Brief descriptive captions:

.....

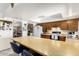 Spacious kitchen with a large breakfast bar and ample cabinet space at 5210 W Ironwood Dr, Glendale, AZ 85302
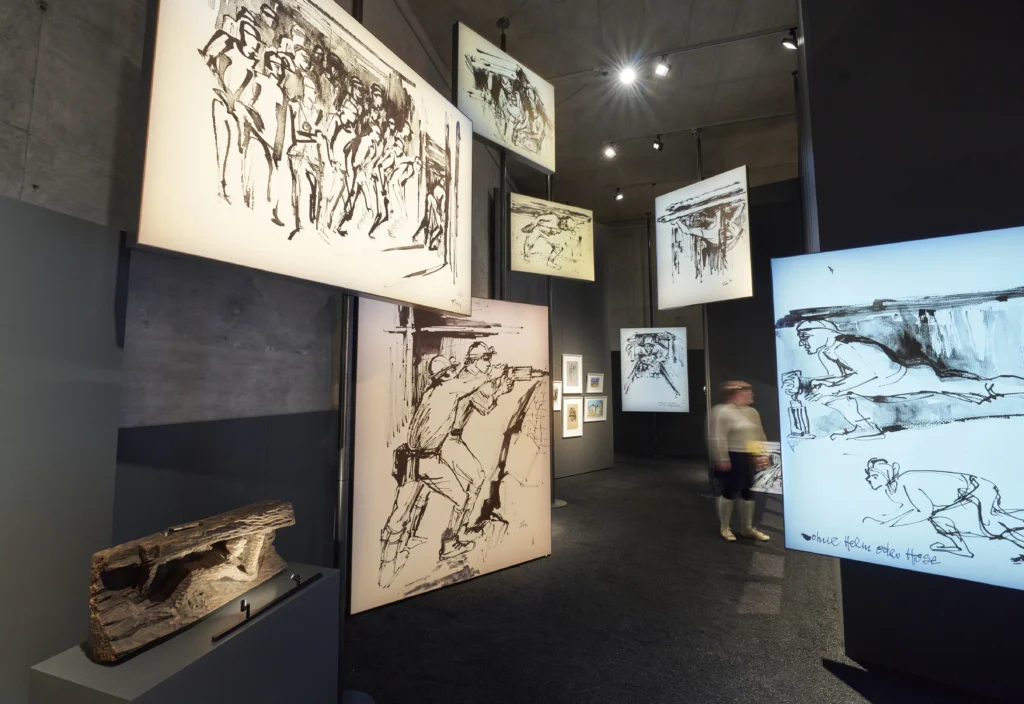 Ausstellungsbereich mit vielen vergößerten und beleuchteten Zeichnungen, die Bergarbeiter darstellen, die teils Untertage bei der Arbeit dargestellt werden.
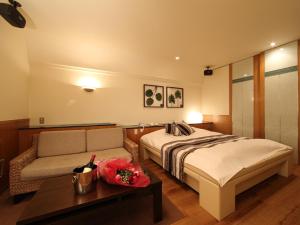 京都Hotel La Siesta (Adult Only)的一间卧室，里面有一张床、一张沙发和一张桌子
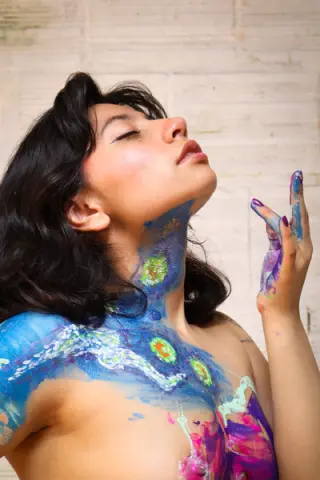 Dreamy portrait of a woman with colorful cosmic body paint against a white brick wall.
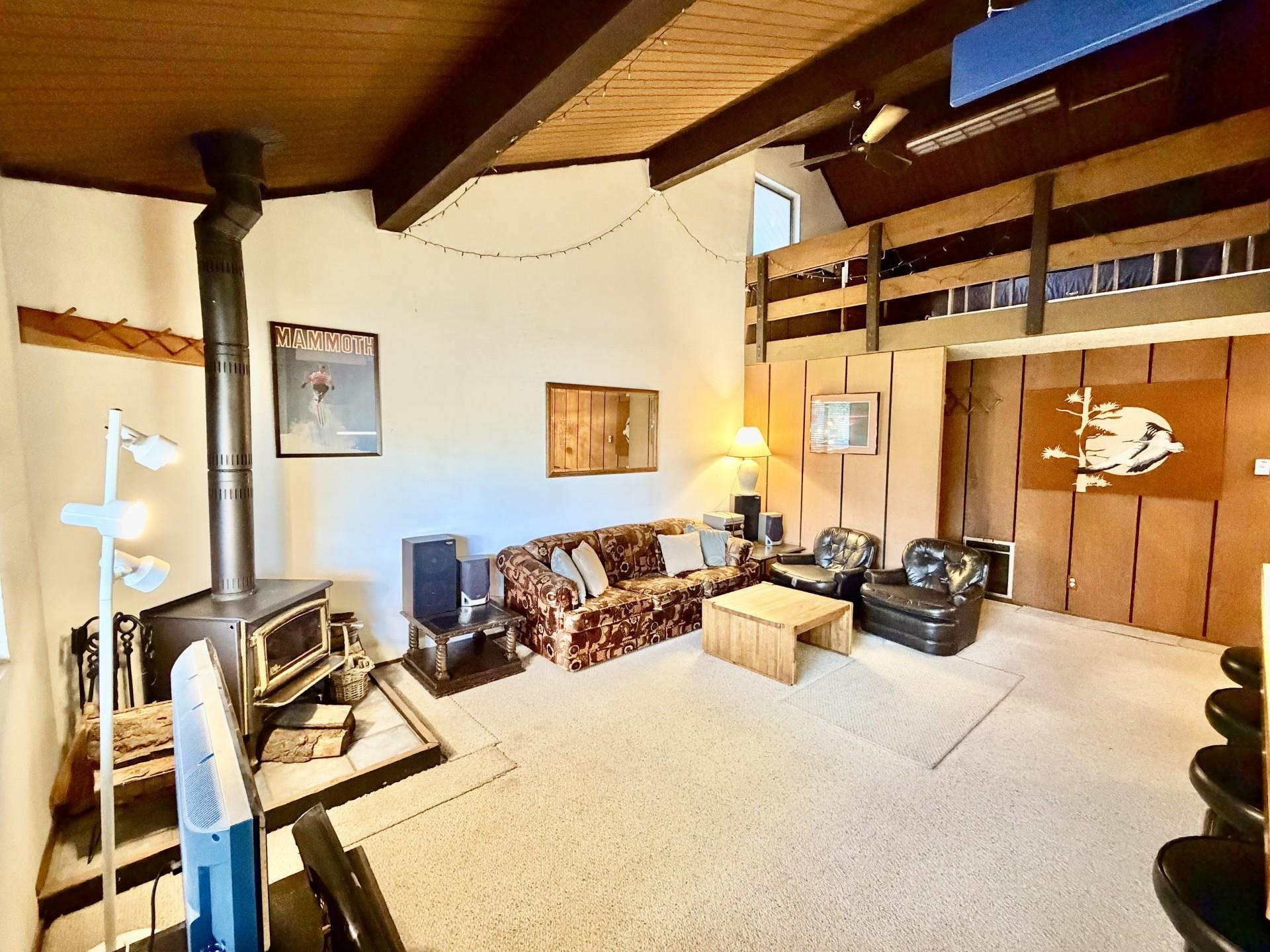 165 Old Mammoth Road, Unit 105 Mammoth Lakes, CA 93546 - Photo 3 of 17 a view of a livingroom with furniture and windows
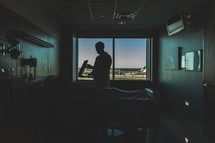 Silhouette of doctor talking to patient lying in hospital bed.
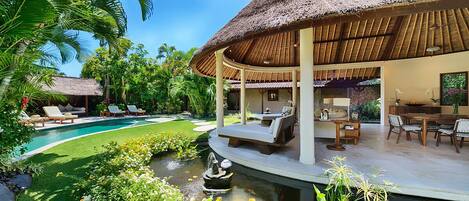 Um resort com piscina, espreguiçadeiras, área de refeições e um alpendre coberto.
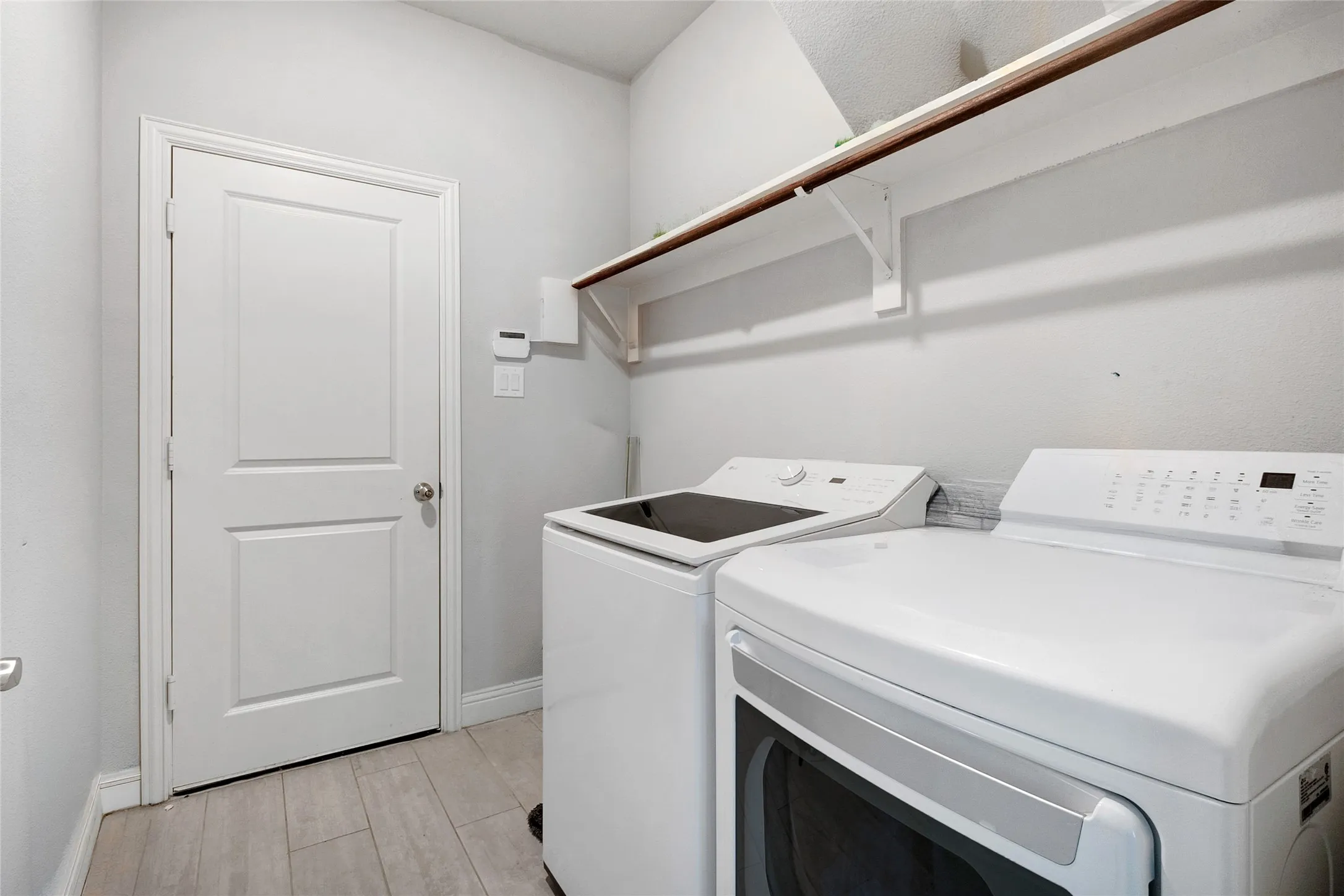 Utility area featuring light wood-finish flooring and a white paneled door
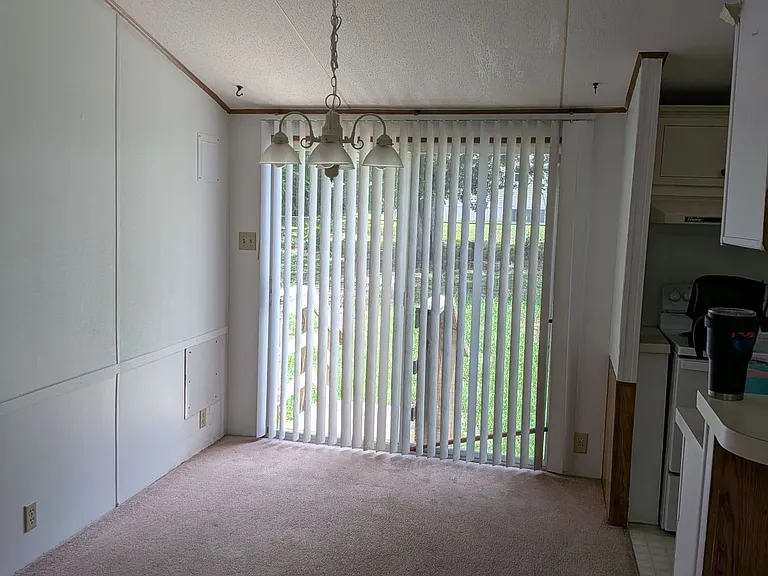 Dining room with sliding glass door leading to large back yard with shade tree and large shed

.....

→ What needs to be done: Retype the entries above exactly. Stop after the line containing "京都Hotel La Siesta", and omit the pictures.

→ Answer to the problem:
 Spacious kitchen with a large breakfast bar and ample cabinet space at 5210 W Ironwood Dr, Glendale, AZ 85302
 Ausstellungsbereich mit vielen vergößerten und beleuchteten Zeichnungen, die Bergarbeiter darstellen, die teils Untertage bei der Arbeit dargestellt werden.
 京都Hotel La Siesta (Adult Only)的一间卧室，里面有一张床、一张沙发和一张桌子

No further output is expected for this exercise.